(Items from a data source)
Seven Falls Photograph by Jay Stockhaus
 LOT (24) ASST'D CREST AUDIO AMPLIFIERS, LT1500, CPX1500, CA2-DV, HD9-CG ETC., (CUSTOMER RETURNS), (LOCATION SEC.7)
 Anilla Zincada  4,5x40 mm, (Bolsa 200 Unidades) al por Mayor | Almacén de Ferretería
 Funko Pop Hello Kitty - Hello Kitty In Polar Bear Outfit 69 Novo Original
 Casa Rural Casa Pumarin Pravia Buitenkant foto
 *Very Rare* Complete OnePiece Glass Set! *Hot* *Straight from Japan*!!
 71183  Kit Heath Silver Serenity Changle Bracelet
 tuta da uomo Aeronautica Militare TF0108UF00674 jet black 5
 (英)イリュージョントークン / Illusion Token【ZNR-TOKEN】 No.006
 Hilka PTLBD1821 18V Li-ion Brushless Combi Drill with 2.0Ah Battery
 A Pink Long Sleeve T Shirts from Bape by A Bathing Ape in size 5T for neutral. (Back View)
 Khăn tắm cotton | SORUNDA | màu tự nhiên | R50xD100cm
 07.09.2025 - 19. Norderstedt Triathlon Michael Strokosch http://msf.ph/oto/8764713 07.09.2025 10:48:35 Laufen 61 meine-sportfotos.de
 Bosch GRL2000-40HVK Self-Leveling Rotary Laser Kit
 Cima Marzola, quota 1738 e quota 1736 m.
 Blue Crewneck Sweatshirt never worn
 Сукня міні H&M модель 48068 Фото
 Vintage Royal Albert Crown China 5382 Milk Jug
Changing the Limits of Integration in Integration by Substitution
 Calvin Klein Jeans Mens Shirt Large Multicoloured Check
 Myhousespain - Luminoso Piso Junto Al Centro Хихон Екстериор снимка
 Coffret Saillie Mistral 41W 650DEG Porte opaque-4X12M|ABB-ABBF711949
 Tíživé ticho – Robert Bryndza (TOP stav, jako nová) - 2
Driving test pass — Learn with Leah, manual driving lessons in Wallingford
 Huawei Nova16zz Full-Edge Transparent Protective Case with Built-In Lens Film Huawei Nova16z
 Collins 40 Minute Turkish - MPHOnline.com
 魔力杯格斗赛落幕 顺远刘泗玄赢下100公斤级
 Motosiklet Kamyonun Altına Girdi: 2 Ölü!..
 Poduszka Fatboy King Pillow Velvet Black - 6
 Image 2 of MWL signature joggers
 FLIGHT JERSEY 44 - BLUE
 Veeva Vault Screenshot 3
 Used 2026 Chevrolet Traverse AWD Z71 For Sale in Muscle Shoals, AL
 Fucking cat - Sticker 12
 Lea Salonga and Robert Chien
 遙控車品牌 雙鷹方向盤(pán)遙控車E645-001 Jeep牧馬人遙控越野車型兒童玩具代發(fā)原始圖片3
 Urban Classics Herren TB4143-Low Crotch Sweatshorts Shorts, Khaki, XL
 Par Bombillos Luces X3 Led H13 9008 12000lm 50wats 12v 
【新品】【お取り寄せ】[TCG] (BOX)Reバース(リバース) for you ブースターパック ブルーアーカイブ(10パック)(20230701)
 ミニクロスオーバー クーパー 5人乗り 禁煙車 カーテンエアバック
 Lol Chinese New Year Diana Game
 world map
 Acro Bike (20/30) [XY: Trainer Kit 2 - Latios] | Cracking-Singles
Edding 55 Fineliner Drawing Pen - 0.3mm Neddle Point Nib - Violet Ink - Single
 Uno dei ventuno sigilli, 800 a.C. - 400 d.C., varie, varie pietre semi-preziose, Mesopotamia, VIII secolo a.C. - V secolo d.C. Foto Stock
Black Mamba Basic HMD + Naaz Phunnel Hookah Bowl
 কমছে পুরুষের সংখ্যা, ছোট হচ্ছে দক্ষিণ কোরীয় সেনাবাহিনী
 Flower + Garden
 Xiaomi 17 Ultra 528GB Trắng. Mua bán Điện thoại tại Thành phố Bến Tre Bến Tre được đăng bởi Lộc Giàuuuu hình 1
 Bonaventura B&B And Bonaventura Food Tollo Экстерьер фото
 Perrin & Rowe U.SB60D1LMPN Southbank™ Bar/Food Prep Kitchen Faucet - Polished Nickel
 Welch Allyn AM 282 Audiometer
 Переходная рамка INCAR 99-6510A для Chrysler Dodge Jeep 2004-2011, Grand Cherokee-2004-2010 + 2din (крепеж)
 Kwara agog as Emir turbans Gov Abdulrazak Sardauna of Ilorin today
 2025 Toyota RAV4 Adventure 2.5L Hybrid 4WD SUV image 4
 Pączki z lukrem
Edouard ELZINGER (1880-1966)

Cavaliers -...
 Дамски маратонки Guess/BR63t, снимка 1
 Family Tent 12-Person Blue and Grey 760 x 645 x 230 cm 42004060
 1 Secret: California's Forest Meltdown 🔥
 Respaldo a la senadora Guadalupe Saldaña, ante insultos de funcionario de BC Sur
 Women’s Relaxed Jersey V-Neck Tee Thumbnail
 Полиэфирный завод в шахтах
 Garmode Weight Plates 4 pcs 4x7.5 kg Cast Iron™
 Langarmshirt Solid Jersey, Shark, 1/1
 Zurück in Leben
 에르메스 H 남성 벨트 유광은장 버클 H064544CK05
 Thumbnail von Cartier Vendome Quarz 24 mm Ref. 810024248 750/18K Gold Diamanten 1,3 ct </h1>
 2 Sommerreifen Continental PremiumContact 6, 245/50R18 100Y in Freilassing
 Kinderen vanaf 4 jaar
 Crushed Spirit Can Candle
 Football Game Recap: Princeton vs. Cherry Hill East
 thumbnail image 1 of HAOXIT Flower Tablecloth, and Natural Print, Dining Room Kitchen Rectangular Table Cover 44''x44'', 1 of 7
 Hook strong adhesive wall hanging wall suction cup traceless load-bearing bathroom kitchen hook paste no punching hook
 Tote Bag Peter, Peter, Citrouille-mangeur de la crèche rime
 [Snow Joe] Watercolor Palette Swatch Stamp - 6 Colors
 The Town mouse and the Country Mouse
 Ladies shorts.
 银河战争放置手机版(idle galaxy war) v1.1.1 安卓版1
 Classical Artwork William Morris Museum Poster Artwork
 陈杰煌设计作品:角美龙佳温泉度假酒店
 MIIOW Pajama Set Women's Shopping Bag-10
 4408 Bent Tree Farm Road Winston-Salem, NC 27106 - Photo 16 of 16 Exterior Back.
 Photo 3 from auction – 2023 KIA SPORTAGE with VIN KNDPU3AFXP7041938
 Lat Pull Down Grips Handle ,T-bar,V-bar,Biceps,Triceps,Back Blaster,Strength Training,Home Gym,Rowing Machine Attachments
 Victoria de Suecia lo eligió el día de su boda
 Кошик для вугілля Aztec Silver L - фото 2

▸ **What is needed**
Each line above must be retyped exactly in the response.

▸ **Expected answer**
Seven Falls Photograph by Jay Stockhaus
 LOT (24) ASST'D CREST AUDIO AMPLIFIERS, LT1500, CPX1500, CA2-DV, HD9-CG ETC., (CUSTOMER RETURNS), (LOCATION SEC.7)
 Anilla Zincada  4,5x40 mm, (Bolsa 200 Unidades) al por Mayor | Almacén de Ferretería
 Funko Pop Hello Kitty - Hello Kitty In Polar Bear Outfit 69 Novo Original
 Casa Rural Casa Pumarin Pravia Buitenkant foto
 *Very Rare* Complete OnePiece Glass Set! *Hot* *Straight from Japan*!!
 71183  Kit Heath Silver Serenity Changle Bracelet
 tuta da uomo Aeronautica Militare TF0108UF00674 jet black 5
 (英)イリュージョントークン / Illusion Token【ZNR-TOKEN】 No.006
 Hilka PTLBD1821 18V Li-ion Brushless Combi Drill with 2.0Ah Battery
 A Pink Long Sleeve T Shirts from Bape by A Bathing Ape in size 5T for neutral. (Back View)
 Khăn tắm cotton | SORUNDA | màu tự nhiên | R50xD100cm
 07.09.2025 - 19. Norderstedt Triathlon Michael Strokosch http://msf.ph/oto/8764713 07.09.2025 10:48:35 Laufen 61 meine-sportfotos.de
 Bosch GRL2000-40HVK Self-Leveling Rotary Laser Kit
 Cima Marzola, quota 1738 e quota 1736 m.
 Blue Crewneck Sweatshirt never worn
 Сукня міні H&M модель 48068 Фото
 Vintage Royal Albert Crown China 5382 Milk Jug
Changing the Limits of Integration in Integration by Substitution
 Calvin Klein Jeans Mens Shirt Large Multicoloured Check
 Myhousespain - Luminoso Piso Junto Al Centro Хихон Екстериор снимка
 Coffret Saillie Mistral 41W 650DEG Porte opaque-4X12M|ABB-ABBF711949
 Tíživé ticho – Robert Bryndza (TOP stav, jako nová) - 2
Driving test pass — Learn with Leah, manual driving lessons in Wallingford
 Huawei Nova16zz Full-Edge Transparent Protective Case with Built-In Lens Film Huawei Nova16z
 Collins 40 Minute Turkish - MPHOnline.com
 魔力杯格斗赛落幕 顺远刘泗玄赢下100公斤级
 Motosiklet Kamyonun Altına Girdi: 2 Ölü!..
 Poduszka Fatboy King Pillow Velvet Black - 6
 Image 2 of MWL signature joggers
 FLIGHT JERSEY 44 - BLUE
 Veeva Vault Screenshot 3
 Used 2026 Chevrolet Traverse AWD Z71 For Sale in Muscle Shoals, AL
 Fucking cat - Sticker 12
 Lea Salonga and Robert Chien
 遙控車品牌 雙鷹方向盤(pán)遙控車E645-001 Jeep牧馬人遙控越野車型兒童玩具代發(fā)原始圖片3
 Urban Classics Herren TB4143-Low Crotch Sweatshorts Shorts, Khaki, XL
 Par Bombillos Luces X3 Led H13 9008 12000lm 50wats 12v 
【新品】【お取り寄せ】[TCG] (BOX)Reバース(リバース) for you ブースターパック ブルーアーカイブ(10パック)(20230701)
 ミニクロスオーバー クーパー 5人乗り 禁煙車 カーテンエアバック
 Lol Chinese New Year Diana Game
 world map
 Acro Bike (20/30) [XY: Trainer Kit 2 - Latios] | Cracking-Singles
Edding 55 Fineliner Drawing Pen - 0.3mm Neddle Point Nib - Violet Ink - Single
 Uno dei ventuno sigilli, 800 a.C. - 400 d.C., varie, varie pietre semi-preziose, Mesopotamia, VIII secolo a.C. - V secolo d.C. Foto Stock
Black Mamba Basic HMD + Naaz Phunnel Hookah Bowl
 কমছে পুরুষের সংখ্যা, ছোট হচ্ছে দক্ষিণ কোরীয় সেনাবাহিনী
 Flower + Garden
 Xiaomi 17 Ultra 528GB Trắng. Mua bán Điện thoại tại Thành phố Bến Tre Bến Tre được đăng bởi Lộc Giàuuuu hình 1
 Bonaventura B&B And Bonaventura Food Tollo Экстерьер фото
 Perrin & Rowe U.SB60D1LMPN Southbank™ Bar/Food Prep Kitchen Faucet - Polished Nickel
 Welch Allyn AM 282 Audiometer
 Переходная рамка INCAR 99-6510A для Chrysler Dodge Jeep 2004-2011, Grand Cherokee-2004-2010 + 2din (крепеж)
 Kwara agog as Emir turbans Gov Abdulrazak Sardauna of Ilorin today
 2025 Toyota RAV4 Adventure 2.5L Hybrid 4WD SUV image 4
 Pączki z lukrem
Edouard ELZINGER (1880-1966)

Cavaliers -...
 Дамски маратонки Guess/BR63t, снимка 1
 Family Tent 12-Person Blue and Grey 760 x 645 x 230 cm 42004060
 1 Secret: California's Forest Meltdown 🔥
 Respaldo a la senadora Guadalupe Saldaña, ante insultos de funcionario de BC Sur
 Women’s Relaxed Jersey V-Neck Tee Thumbnail
 Полиэфирный завод в шахтах
 Garmode Weight Plates 4 pcs 4x7.5 kg Cast Iron™
 Langarmshirt Solid Jersey, Shark, 1/1
 Zurück in Leben
 에르메스 H 남성 벨트 유광은장 버클 H064544CK05
 Thumbnail von Cartier Vendome Quarz 24 mm Ref. 810024248 750/18K Gold Diamanten 1,3 ct </h1>
 2 Sommerreifen Continental PremiumContact 6, 245/50R18 100Y in Freilassing
 Kinderen vanaf 4 jaar
 Crushed Spirit Can Candle
 Football Game Recap: Princeton vs. Cherry Hill East
 thumbnail image 1 of HAOXIT Flower Tablecloth, and Natural Print, Dining Room Kitchen Rectangular Table Cover 44''x44'', 1 of 7
 Hook strong adhesive wall hanging wall suction cup traceless load-bearing bathroom kitchen hook paste no punching hook
 Tote Bag Peter, Peter, Citrouille-mangeur de la crèche rime
 [Snow Joe] Watercolor Palette Swatch Stamp - 6 Colors
 The Town mouse and the Country Mouse
 Ladies shorts.
 银河战争放置手机版(idle galaxy war) v1.1.1 安卓版1
 Classical Artwork William Morris Museum Poster Artwork
 陈杰煌设计作品:角美龙佳温泉度假酒店
 MIIOW Pajama Set Women's Shopping Bag-10
 4408 Bent Tree Farm Road Winston-Salem, NC 27106 - Photo 16 of 16 Exterior Back.
 Photo 3 from auction – 2023 KIA SPORTAGE with VIN KNDPU3AFXP7041938
 Lat Pull Down Grips Handle ,T-bar,V-bar,Biceps,Triceps,Back Blaster,Strength Training,Home Gym,Rowing Machine Attachments
 Victoria de Suecia lo eligió el día de su boda
 Кошик для вугілля Aztec Silver L - фото 2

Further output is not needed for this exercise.